Patent Publication Number: US-5022442-A

Title: Apparatus and method for high pressure gas mixing

Description:
BACKGROUND OF THE INVENTION 
     The gas products industry ships gases and gas mixtures in carefully constructed metal pressure cylinders, in order to withstand pressure filling/unfilling, as well as transportation and handling of the pressure cylinders between the gas supplier and the gas user. Gases and gas mixtures are injected under pressure from a gas filling manifold into gas cylinders through valve regulators/fittings which are sealed and mounted to the gas cylinders at an upper end thereof. Manually operated levers or knobs are provided, to close the valve regulators/fittings when the gas cylinders are filled, and for subsequent opening of the valve regulators/fittings, when it is desired to use the gas or gas mixture contents within the cylinder. 
     When mixing two or more gases, the gas product industry has typically rolled or rotated the gas cylinder following filling, in order to mix the gases. This requires placing the filled gas cylinder in a horizontal position on a series of motor driven rollers which rotate the cylinder for a given period of time, usually about 15 minutes, in order to blend or mix the gas mixture. In many cases, the motor driven motor apparatus has been designed to accommodate a plurality of gas cylinders, i.e., 6 cylinders, in order to simultaneously mix the pressurized gas mixture contents of a number of gas cylinders at the same time. 

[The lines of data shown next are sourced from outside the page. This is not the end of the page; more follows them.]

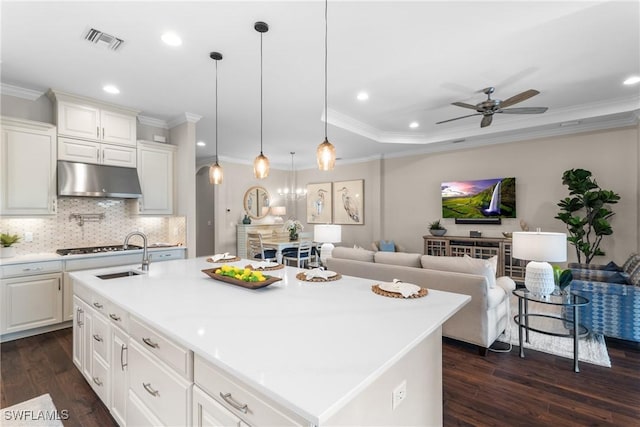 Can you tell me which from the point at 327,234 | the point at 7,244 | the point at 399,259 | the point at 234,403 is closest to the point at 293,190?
the point at 327,234

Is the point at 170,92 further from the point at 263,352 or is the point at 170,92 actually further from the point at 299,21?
the point at 263,352

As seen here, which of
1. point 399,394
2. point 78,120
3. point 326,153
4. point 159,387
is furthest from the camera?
point 78,120

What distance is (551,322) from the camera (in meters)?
3.56

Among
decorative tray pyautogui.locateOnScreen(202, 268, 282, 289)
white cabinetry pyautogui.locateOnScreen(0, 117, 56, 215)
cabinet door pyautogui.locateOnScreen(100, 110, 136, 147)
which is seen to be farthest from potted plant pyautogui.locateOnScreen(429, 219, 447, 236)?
white cabinetry pyautogui.locateOnScreen(0, 117, 56, 215)

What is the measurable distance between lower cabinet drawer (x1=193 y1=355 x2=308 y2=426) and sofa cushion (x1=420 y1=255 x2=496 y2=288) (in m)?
2.44

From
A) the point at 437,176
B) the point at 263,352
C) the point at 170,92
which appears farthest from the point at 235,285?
the point at 437,176

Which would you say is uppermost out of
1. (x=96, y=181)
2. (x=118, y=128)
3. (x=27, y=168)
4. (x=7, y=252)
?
(x=118, y=128)

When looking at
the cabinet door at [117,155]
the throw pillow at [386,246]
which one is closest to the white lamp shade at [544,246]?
the throw pillow at [386,246]

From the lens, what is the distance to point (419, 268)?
3.10 m

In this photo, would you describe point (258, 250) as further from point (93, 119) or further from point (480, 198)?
point (480, 198)

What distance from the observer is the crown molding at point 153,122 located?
439cm

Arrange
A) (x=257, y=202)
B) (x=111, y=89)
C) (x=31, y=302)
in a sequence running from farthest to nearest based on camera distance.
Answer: (x=257, y=202)
(x=111, y=89)
(x=31, y=302)

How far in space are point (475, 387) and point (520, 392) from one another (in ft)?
1.01

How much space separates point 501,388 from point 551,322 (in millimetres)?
1855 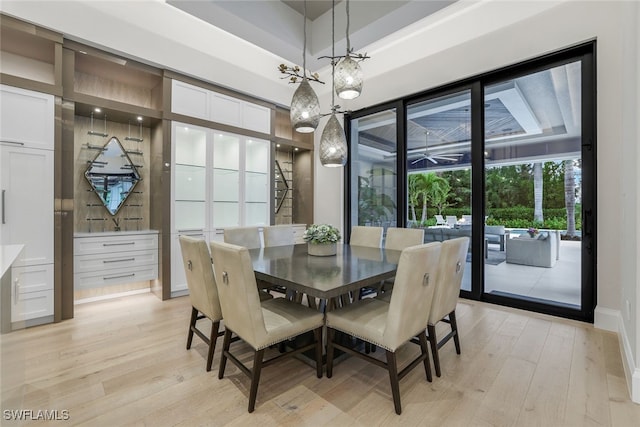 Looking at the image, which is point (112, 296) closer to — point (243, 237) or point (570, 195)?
point (243, 237)

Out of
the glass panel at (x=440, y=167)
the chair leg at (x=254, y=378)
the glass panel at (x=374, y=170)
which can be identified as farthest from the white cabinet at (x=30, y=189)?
the glass panel at (x=440, y=167)

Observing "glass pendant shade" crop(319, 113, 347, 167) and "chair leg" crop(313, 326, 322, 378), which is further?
"glass pendant shade" crop(319, 113, 347, 167)

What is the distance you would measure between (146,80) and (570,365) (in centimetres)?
534

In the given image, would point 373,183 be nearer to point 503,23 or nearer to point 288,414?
point 503,23

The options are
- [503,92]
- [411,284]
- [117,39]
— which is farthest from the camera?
[503,92]

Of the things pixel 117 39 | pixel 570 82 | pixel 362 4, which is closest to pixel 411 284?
pixel 362 4

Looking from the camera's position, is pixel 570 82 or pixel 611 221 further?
pixel 570 82

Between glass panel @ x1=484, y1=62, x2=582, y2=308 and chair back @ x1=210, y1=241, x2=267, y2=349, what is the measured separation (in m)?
3.14

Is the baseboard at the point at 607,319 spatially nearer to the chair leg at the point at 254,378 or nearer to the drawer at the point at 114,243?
the chair leg at the point at 254,378

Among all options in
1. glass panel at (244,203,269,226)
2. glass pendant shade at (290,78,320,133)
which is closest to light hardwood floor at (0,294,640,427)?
glass pendant shade at (290,78,320,133)

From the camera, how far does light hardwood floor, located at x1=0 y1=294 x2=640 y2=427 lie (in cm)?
165

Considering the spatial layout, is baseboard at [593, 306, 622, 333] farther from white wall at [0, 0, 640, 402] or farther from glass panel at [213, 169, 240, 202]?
glass panel at [213, 169, 240, 202]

     The intimacy or degree of mixing achieved is directly related to the homogeneity of the mixture. Absolute homogeneity would correspond to theoretically perfect mixing; in actual practice; however, only a certain degree of homogeneity is achieved which is sufficient to fulfill the requirements of the gas products industry. It has been determined, on an empirical basis, that the aforementioned cylinder rolling procedure achieves the desired intermixing of gases, if performed over a given period of time, generally accepted to be a 15 minute time period for the intermixture of most gas products in the gas products industry. 
     While the above procedure has worked quite well up to the present time, it will be apparent from the following description of the apparatus and method of the present invention that the above described procedure is a time consuming, labor exhausting, and an energy and cost inefficient method, as compared to the apparatus and method of the present invention herein disclosed. 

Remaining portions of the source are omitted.